> _WORK TO BE COMPLETED_
Below is a listing with pictures in it; transcribe exactly the lines from the one that has "Apartment Collina Verde B by Interhome" through the one that has "高性價比海景，堪比五星級家的體驗！", and omit those pictures.

> _INFORMATION_
▬▬▬▬▬▬

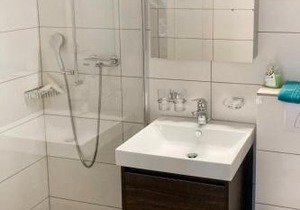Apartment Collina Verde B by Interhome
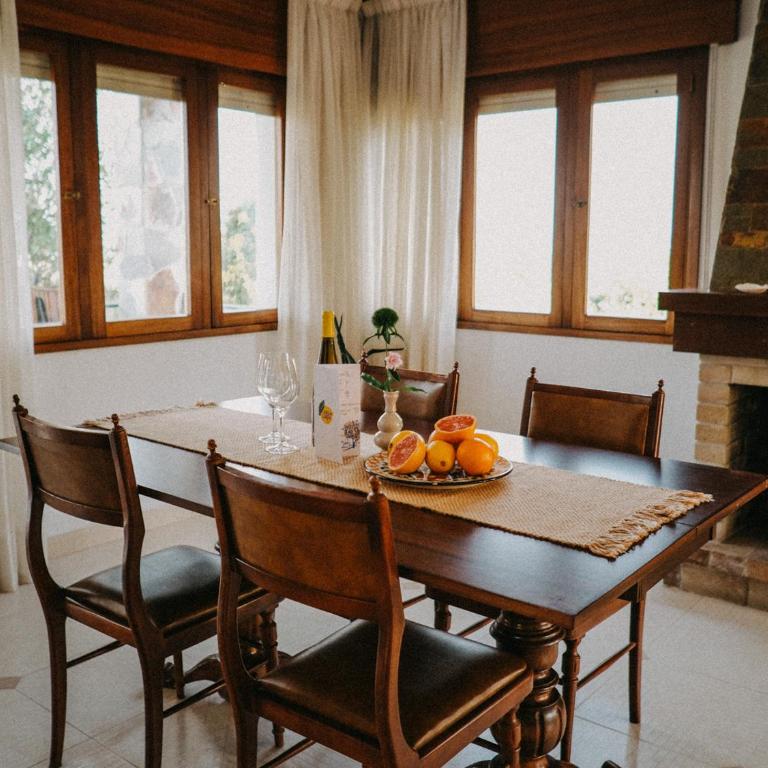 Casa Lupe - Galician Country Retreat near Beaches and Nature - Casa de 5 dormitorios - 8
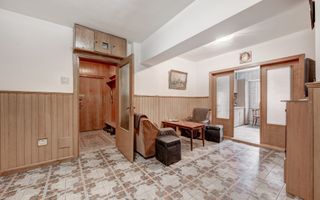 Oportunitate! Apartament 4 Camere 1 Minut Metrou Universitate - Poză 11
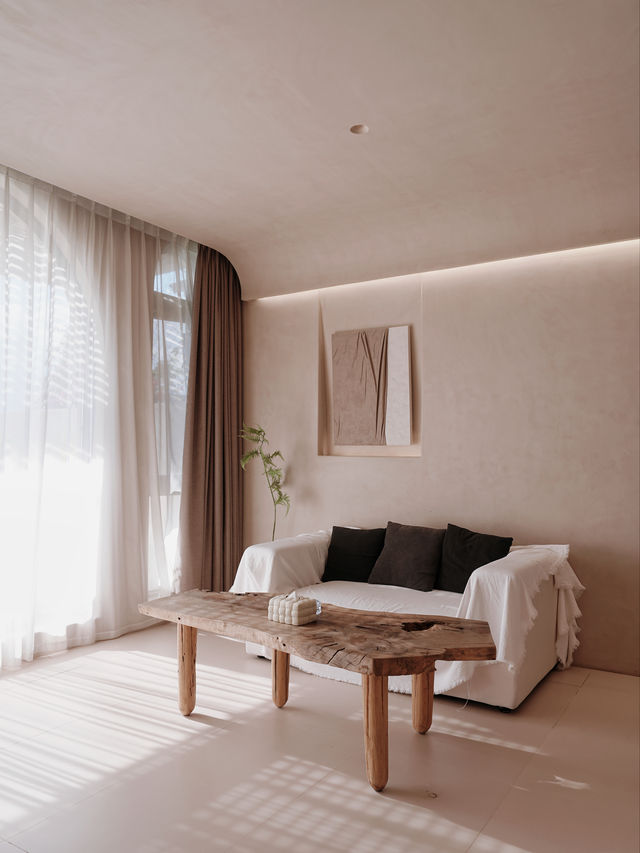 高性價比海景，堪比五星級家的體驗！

▬▬▬▬▬▬

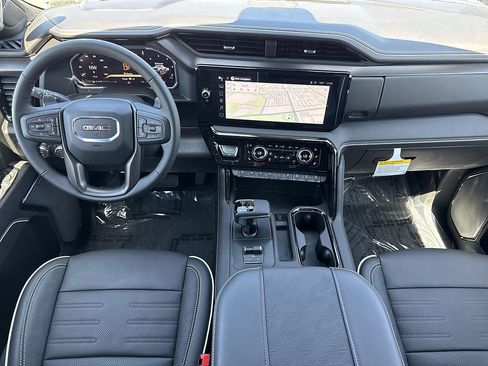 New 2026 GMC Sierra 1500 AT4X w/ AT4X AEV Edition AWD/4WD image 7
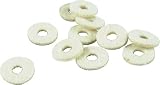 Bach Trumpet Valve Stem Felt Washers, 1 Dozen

▬▬▬▬▬▬

> _ANSWER FOR THE TASK_
Apartment Collina Verde B by Interhome
 Casa Lupe - Galician Country Retreat near Beaches and Nature - Casa de 5 dormitorios - 8
 Oportunitate! Apartament 4 Camere 1 Minut Metrou Universitate - Poză 11
 高性價比海景，堪比五星級家的體驗！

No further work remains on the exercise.